### EXERCISE OBJECTIVE
The entries must be set down again word for word; no pictures belong in the copy.

=== THE RECORDS ===

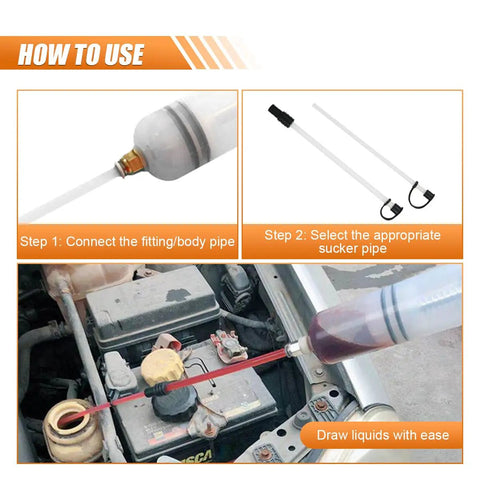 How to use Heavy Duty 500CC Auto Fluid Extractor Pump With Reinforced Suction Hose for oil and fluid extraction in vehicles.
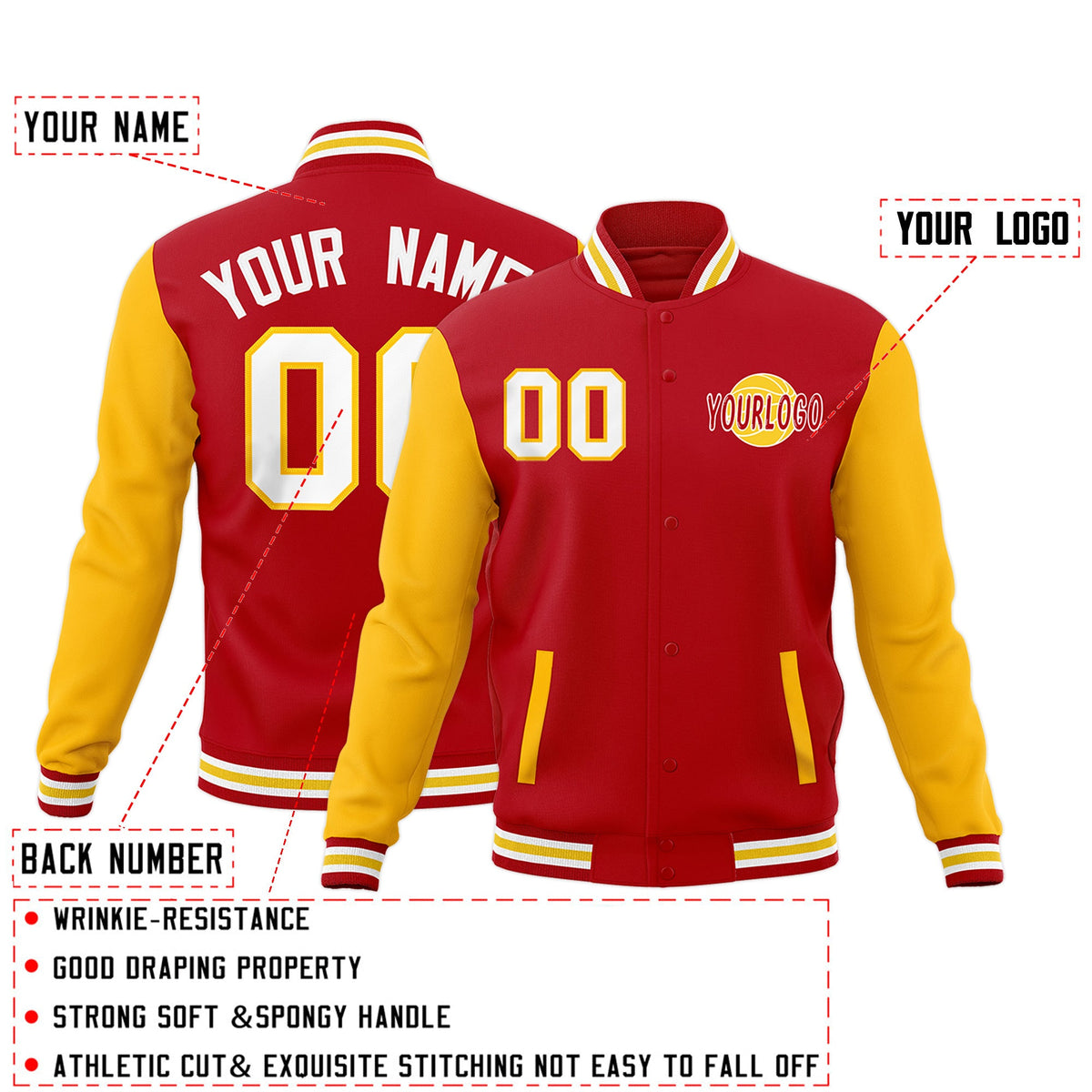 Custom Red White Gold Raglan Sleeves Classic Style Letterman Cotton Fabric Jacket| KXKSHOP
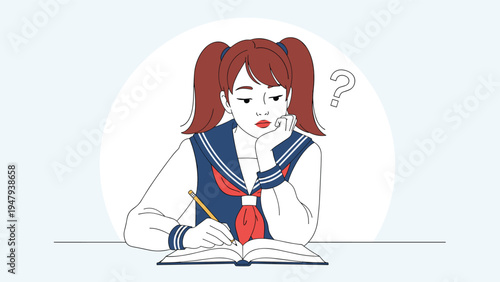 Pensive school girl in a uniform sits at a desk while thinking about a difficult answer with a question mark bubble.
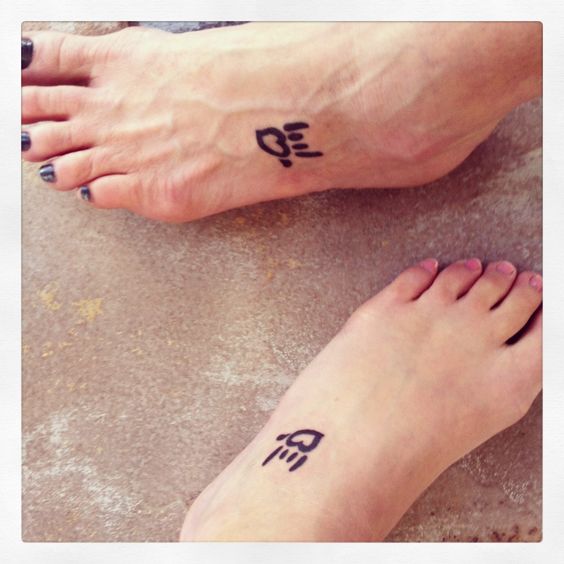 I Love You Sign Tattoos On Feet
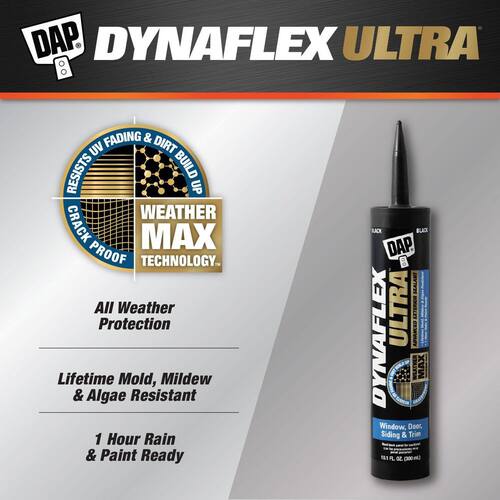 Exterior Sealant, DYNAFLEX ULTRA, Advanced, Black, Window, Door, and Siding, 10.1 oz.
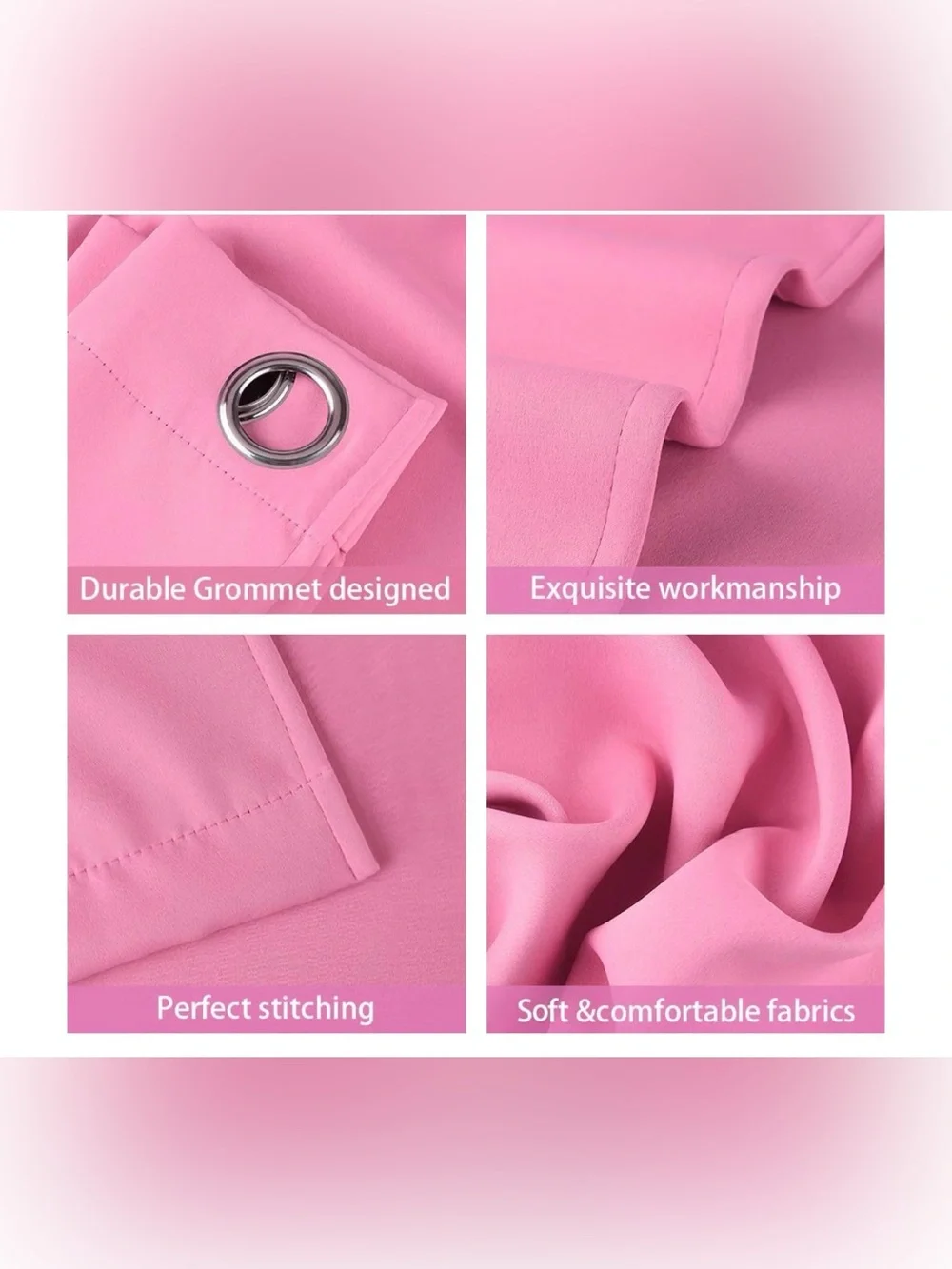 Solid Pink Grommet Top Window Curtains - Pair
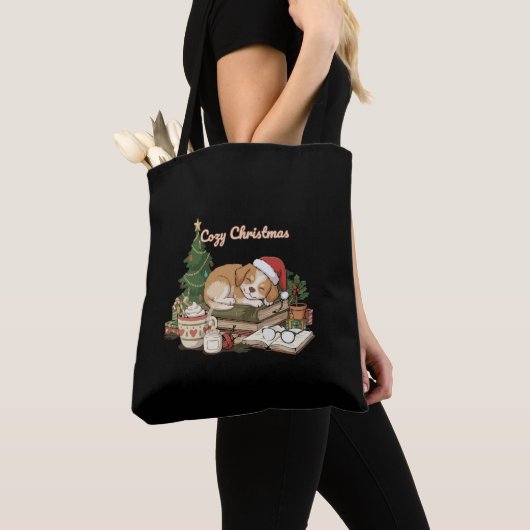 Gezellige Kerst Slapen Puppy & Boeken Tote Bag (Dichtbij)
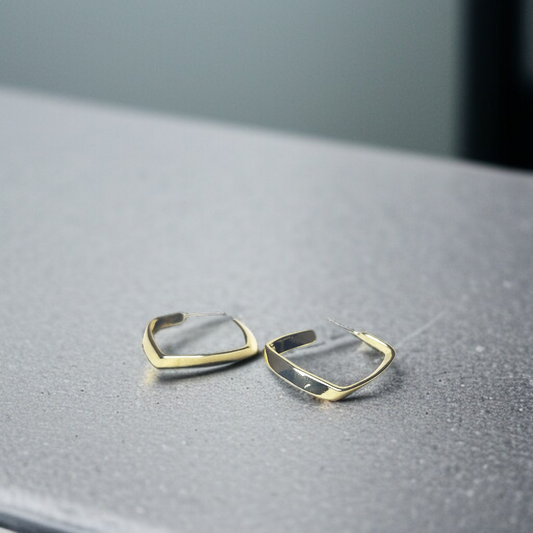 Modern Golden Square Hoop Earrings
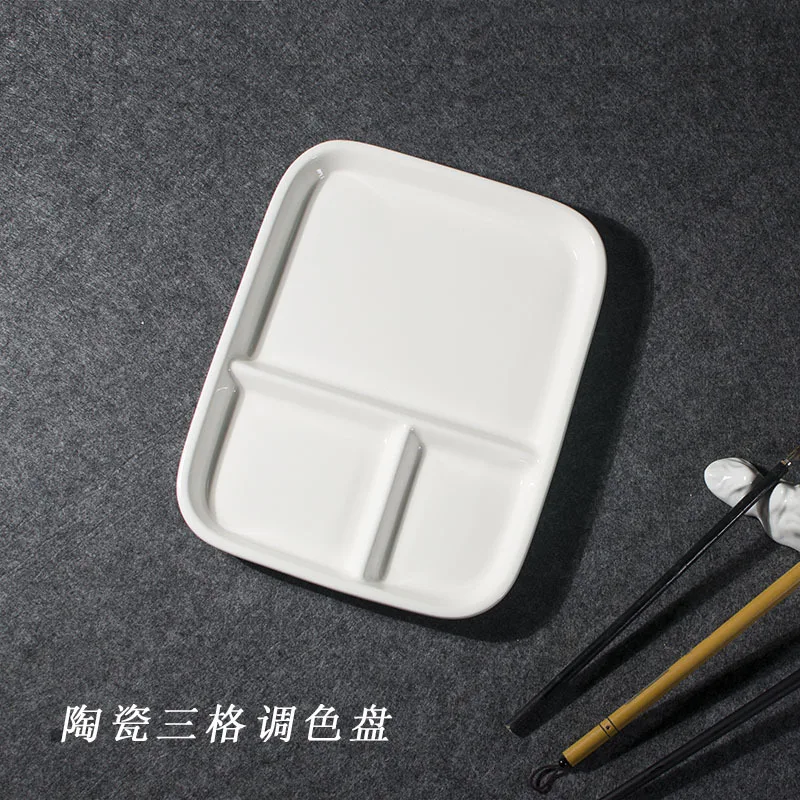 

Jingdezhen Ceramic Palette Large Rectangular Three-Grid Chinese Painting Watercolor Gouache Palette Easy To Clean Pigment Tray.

===

### OUTPUT BELOW
 How to use Heavy Duty 500CC Auto Fluid Extractor Pump With Reinforced Suction Hose for oil and fluid extraction in vehicles.
 Custom Red White Gold Raglan Sleeves Classic Style Letterman Cotton Fabric Jacket| KXKSHOP
 Pensive school girl in a uniform sits at a desk while thinking about a difficult answer with a question mark bubble.
 I Love You Sign Tattoos On Feet
 Exterior Sealant, DYNAFLEX ULTRA, Advanced, Black, Window, Door, and Siding, 10.1 oz.
 Solid Pink Grommet Top Window Curtains - Pair
 Gezellige Kerst Slapen Puppy & Boeken Tote Bag (Dichtbij)
 Modern Golden Square Hoop Earrings

Jingdezhen Ceramic Palette Large Rectangular Three-Grid Chinese Painting Watercolor Gouache Palette Easy To Clean Pigment Tray.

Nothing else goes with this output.